The straight majority does not recognize the suffering it
brings to the lives of gays and must be shown: graphic
pictures of brutalized gays; dramatizations of job and
housing insecurity, loss of child custody, and public
humiliation: and the dismal list goes on.
"... In any campaign to win over the public, gays must be
cast as victims in need of protection so that straights will
be inclined by reflex to assume the role of protector."

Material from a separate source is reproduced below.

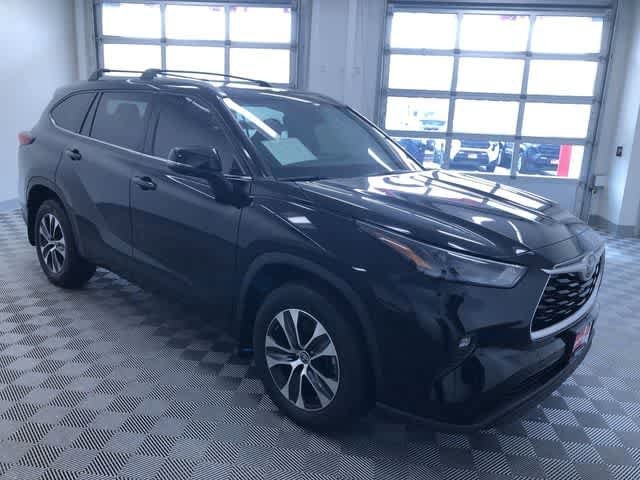 Thumbnail: 2022 Toyota Highlander - 29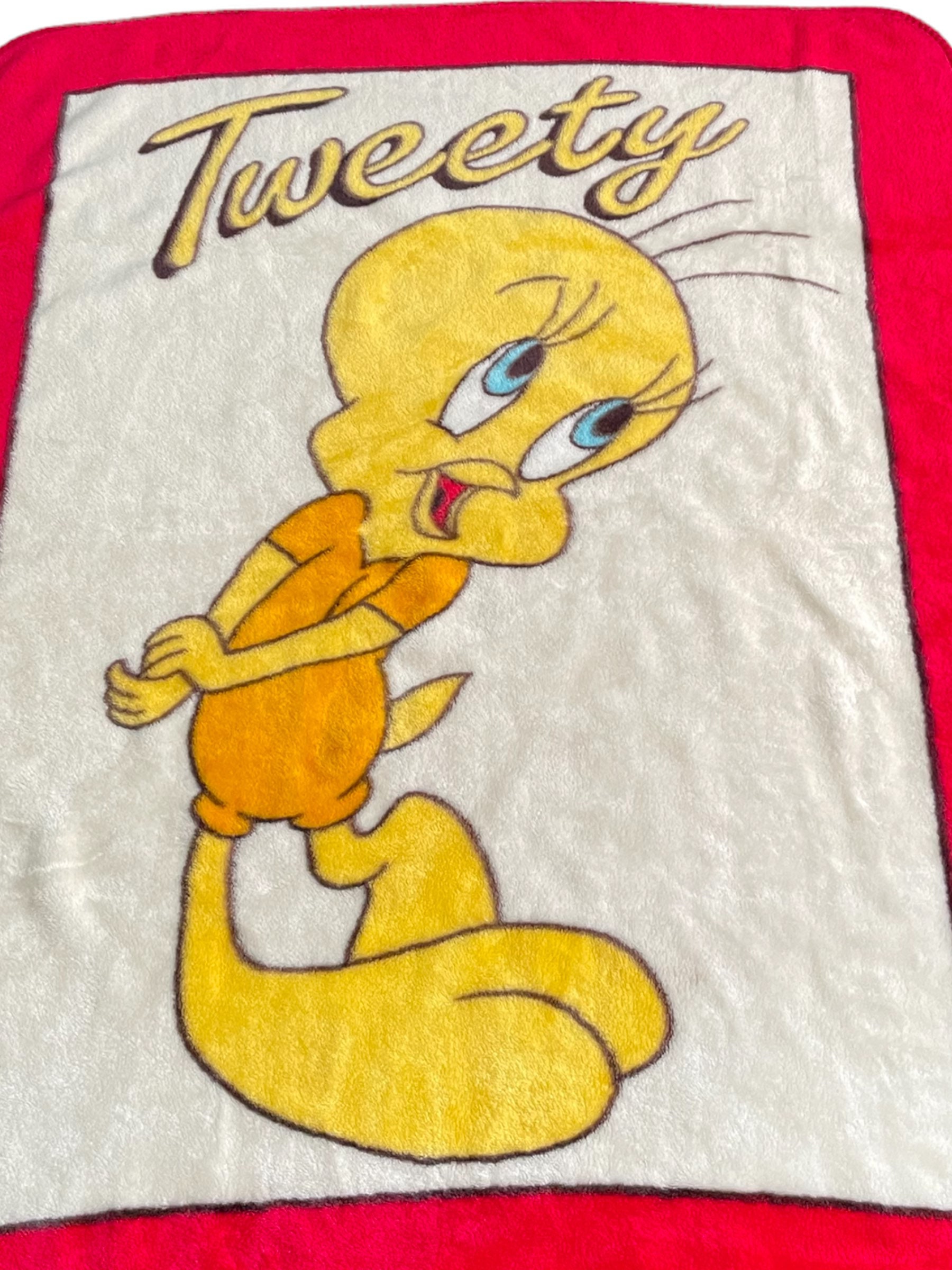 Tweety bird fleece blanket deals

[3] GIVE PROTECTORS A JUST CAUSE.
A media campaign that casts gays as society's victims and
encourages straights to be their protectors must make it
easier for those to respond to assert and explain their new
protectiveness. Few straight women, and even fewer straight
men, will want to defend homosexuality boldly as such. Most
would rather attach their awakened protective impulse to
some principle of justice or law, to some general desire for
consistent and fair treatment in society. Our campaign
should not demand direct support for homosexual practices,
should instead take anti-discrimination as its theme. The
right to free speech, freedom of beliefs, freedom of
association, due process and equal protection of laws-these
should be the concerns brought to mind by our campaign.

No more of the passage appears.